[[ Extracted information, beginning ]]
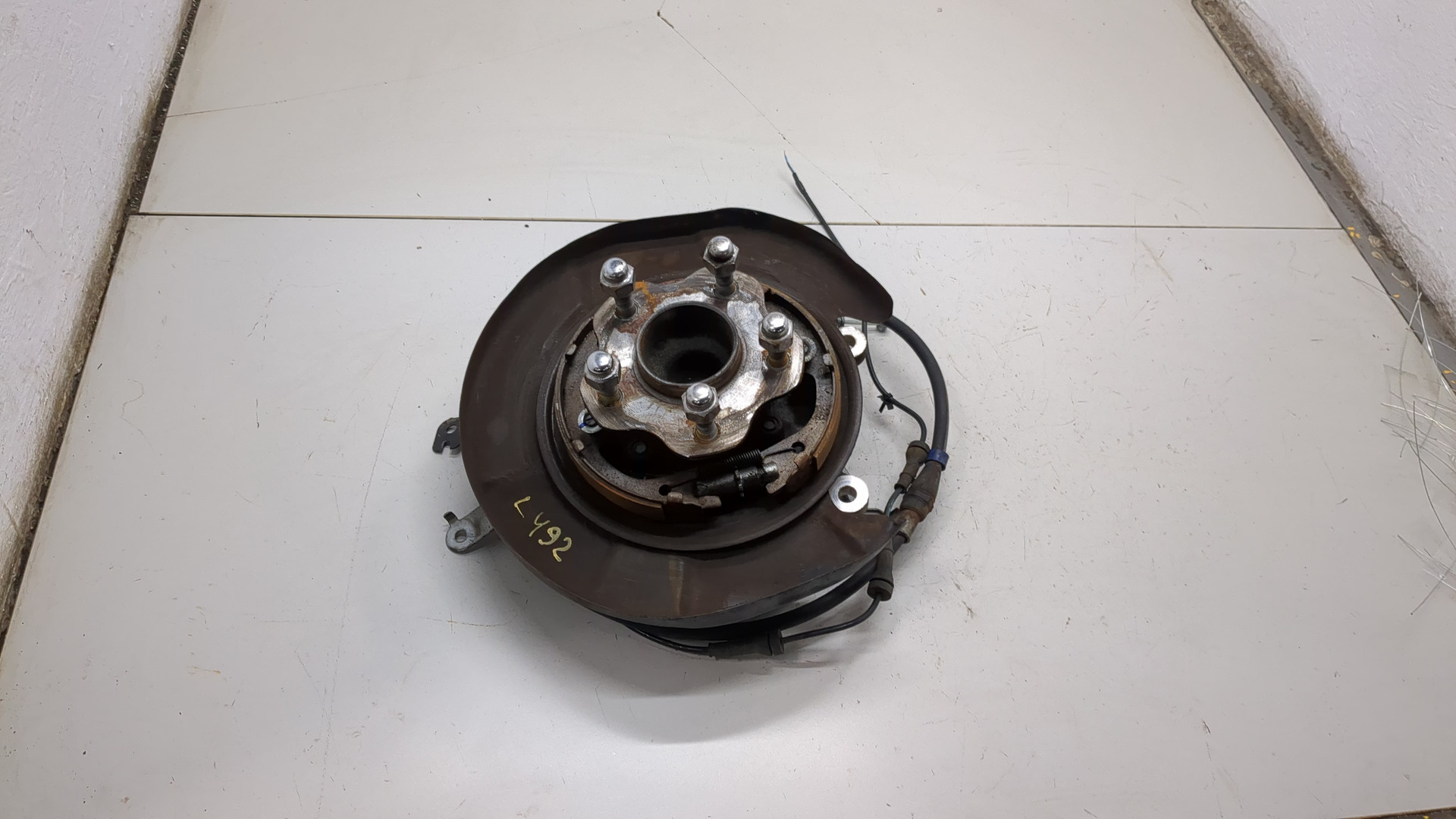 Кулак поворотный задний левый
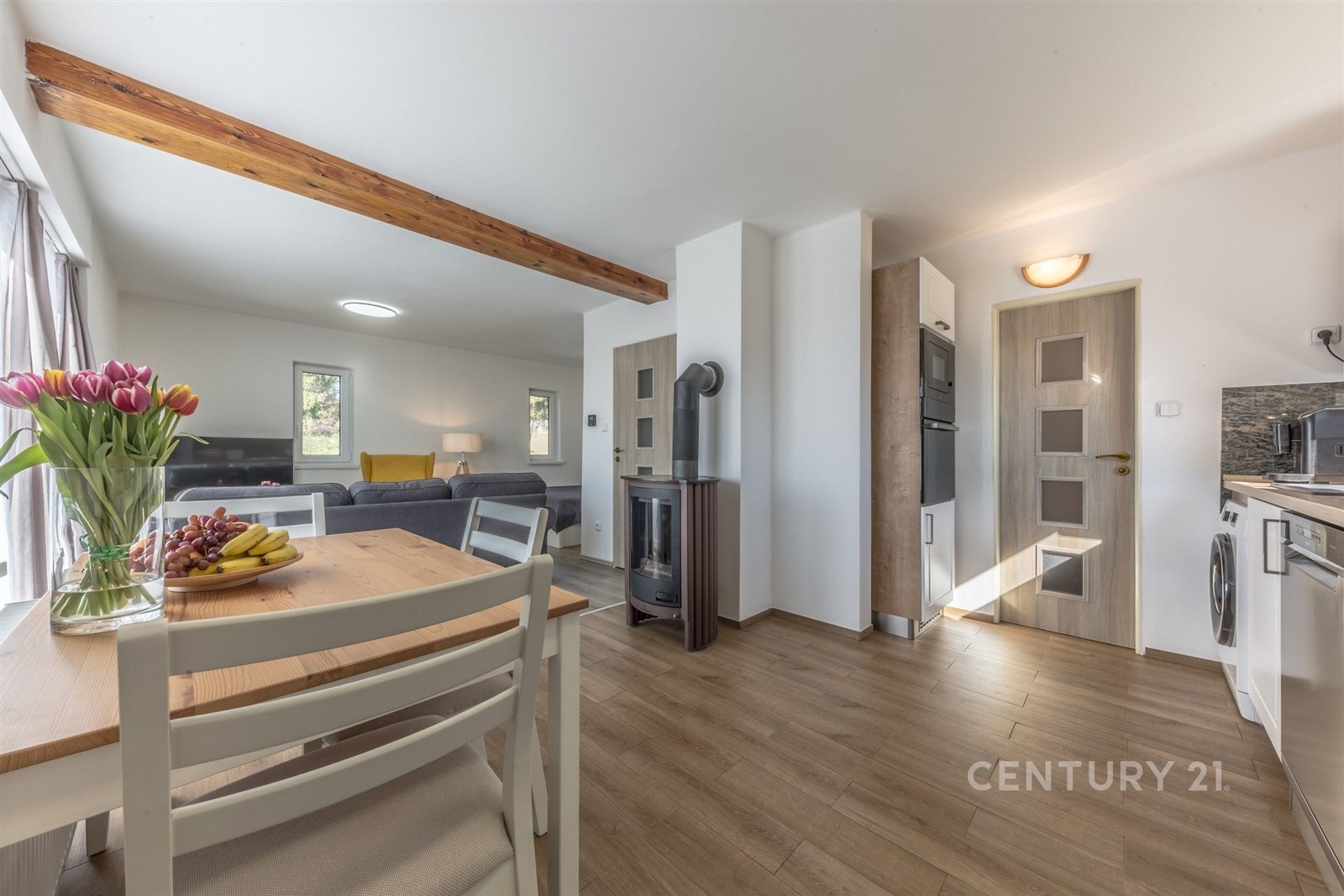 Světlá jídelna s dřevěným stolem, parketová podlaha, moderní spotřebiče, krbová kamna a velká okna dodávají prostoru moderní vzhled.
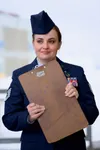 Alaska Air National Guard Tech. Sgt. Cynthia Campbell, 176th Medical Group Clinical Services, judges the performance of Junior ROTC cadets during the Feb. 17, 2024, Alaska statewide JROTC dri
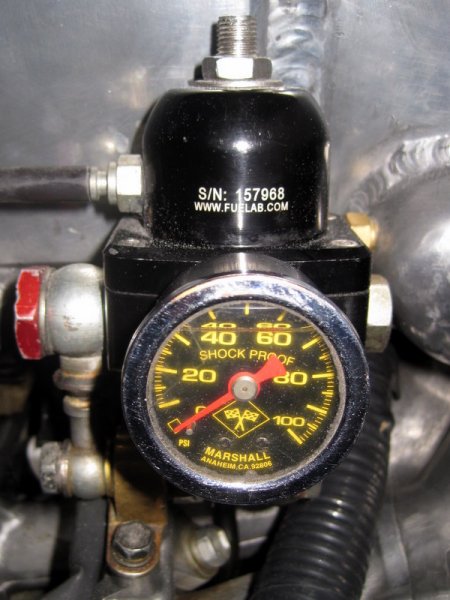 Fuelab adjustable fuel pressure regulator with an oil filled Marshall gauge on bespoke plumbing.

Thank you Chrispot. :)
[[ Extracted information, end ]]
§ **Exercise details**: Write out exactly the lines from the one containing "Fuelab adjustable fuel" through the end of the records above, both included, leaving all pictures out.

§ **Answer for the task**:
 Fuelab adjustable fuel pressure regulator with an oil filled Marshall gauge on bespoke plumbing.

Thank you Chrispot. :)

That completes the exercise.